Fast food is cutting down the working class. See the McLibel information on McDonald's nutritional house of horrors. Next you'll be telling us that I.F. Stone was a reactionary, because his pathbreaking work on the deadly nature of tobacco was intended to overburden the working class with tobacco taxes.


> foreigners (too many Chinese - with fridges!),

I've never heard any environmentalist complain about the Chinese getting fridges. The worry is that the Chinese government committed to a real dinosaur technology that will hurt the Chinese people as well as the environment by needlessly gobbling up resources.


> unless they are in a state of degradation
> that is called 'authentic culture';

God forbid that there should be any progress beyond the old genocidal values of our past! God forbid that folks in America should learn about and respect the Ogoni people, or any of the other scorse of tribal people around the world locked in life-and-death struggles with oil companies and their ilk.

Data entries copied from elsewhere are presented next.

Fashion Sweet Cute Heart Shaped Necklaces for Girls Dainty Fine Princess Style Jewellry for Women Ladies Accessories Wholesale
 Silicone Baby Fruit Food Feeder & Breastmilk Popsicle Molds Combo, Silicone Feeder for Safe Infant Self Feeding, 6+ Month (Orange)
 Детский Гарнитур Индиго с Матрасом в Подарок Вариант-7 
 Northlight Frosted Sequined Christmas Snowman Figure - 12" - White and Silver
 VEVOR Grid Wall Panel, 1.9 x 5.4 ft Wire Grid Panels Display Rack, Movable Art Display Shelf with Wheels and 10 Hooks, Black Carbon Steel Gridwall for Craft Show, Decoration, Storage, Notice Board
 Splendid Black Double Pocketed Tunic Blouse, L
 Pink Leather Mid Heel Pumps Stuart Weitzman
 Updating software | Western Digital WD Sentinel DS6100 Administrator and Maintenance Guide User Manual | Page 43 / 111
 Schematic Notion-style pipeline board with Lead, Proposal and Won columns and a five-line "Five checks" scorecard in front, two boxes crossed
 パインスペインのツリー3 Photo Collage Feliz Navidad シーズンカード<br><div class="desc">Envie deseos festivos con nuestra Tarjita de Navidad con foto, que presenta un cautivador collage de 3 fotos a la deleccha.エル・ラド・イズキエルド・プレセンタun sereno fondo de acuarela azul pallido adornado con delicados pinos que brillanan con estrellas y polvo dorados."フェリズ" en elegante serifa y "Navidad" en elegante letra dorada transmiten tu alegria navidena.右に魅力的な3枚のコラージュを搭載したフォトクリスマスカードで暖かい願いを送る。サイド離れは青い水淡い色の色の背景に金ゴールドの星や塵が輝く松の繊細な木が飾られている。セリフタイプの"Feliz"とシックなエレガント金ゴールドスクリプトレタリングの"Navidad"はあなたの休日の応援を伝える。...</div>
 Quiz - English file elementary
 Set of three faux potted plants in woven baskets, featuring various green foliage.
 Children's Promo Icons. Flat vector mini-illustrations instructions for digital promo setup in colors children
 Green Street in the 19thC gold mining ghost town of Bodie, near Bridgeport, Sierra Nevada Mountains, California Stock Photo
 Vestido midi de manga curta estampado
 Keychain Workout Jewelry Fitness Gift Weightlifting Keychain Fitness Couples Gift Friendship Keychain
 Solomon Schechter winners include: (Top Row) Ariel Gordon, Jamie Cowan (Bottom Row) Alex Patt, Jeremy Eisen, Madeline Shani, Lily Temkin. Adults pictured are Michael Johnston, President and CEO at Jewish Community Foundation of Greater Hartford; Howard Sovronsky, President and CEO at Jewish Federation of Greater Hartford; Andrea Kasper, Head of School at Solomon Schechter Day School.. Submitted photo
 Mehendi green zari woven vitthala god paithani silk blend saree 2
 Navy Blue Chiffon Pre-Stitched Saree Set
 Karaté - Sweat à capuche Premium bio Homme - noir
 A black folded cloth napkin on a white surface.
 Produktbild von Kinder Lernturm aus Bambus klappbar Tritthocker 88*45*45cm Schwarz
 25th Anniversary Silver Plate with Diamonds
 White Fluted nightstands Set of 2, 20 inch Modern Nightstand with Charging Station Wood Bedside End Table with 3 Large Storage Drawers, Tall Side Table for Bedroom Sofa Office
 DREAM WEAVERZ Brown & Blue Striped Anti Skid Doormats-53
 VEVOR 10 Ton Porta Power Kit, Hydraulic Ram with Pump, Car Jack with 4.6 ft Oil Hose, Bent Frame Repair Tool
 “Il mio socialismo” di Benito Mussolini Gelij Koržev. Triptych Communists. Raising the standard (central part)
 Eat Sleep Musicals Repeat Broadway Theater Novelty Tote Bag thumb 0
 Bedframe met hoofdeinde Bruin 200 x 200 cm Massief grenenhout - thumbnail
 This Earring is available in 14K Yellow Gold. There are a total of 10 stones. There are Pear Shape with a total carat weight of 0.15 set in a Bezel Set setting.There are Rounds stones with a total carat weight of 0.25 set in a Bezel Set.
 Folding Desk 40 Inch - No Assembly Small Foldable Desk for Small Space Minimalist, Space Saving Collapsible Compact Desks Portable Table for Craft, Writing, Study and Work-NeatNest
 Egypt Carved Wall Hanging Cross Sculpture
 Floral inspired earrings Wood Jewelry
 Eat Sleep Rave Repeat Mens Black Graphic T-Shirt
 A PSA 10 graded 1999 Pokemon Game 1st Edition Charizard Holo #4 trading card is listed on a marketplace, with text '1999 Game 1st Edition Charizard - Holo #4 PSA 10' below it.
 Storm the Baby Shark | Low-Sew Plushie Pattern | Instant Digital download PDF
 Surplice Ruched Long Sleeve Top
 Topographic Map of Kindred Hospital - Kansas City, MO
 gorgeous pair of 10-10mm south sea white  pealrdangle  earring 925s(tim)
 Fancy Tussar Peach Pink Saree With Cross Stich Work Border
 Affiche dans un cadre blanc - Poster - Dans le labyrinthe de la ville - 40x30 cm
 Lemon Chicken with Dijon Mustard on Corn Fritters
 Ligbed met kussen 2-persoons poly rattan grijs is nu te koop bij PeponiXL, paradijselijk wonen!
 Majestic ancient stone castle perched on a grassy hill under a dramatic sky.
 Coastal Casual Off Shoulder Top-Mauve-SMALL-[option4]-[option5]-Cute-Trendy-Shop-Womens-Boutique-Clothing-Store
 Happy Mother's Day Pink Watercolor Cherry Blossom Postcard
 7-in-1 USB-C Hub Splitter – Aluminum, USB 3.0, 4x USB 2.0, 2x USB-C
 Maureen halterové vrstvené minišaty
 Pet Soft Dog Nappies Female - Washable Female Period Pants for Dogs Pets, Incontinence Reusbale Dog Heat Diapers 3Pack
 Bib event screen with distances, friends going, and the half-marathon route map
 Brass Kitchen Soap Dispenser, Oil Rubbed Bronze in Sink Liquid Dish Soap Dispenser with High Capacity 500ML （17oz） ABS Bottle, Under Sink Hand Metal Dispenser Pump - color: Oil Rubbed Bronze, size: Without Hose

> they embrace the kind of organic social order that
> could only mean death for the left;

Birth control & the empowering of women it necessaarily entails is DEATH to every actually existing organic social order I've ever heard of. So which one of your wholesale attacks on environmentalism are you going to give up?


> their theories of equilibrium between man and nature are
> only a reworking of equilibrium theories in economics,

The meaning of all these terms are highly contestable, except, of course, that "man and nature" bit. Where HAVE you been these past 30 years?


> with a wholly apologetic intent - 'sustainable
> development' instead of real development for the third world.

'Sustainable development' is the mother of all contested terms in environmental circles. But the red greens have a real advantage here, since the more you try to turn it into nuts-and-bolts, the more it skews red green. If you allow it to remain on the level of mere slogan, heck, EVERYTHING is 'sustainable development'.


> Like the
> bourgeois apologists of old, they seek to justify the limits that are
> artificially imposed upon working class consumption by capitalism, as if
> it were a natural limitation, that will necessarily lead to disaster.

This is certainly what much of bourgoise environmentalism is about. There's also this thing called anti-Communist unionism. I guess that puts the kibosh on the working class so far as pure Marxists like you are concerned.

And, of course, the existence of the pornography industry means you've sworn off sex as well.

-- Paul Rosenberg Reason and Democracy rad at gte.net

"Let's put the information BACK into the information age!"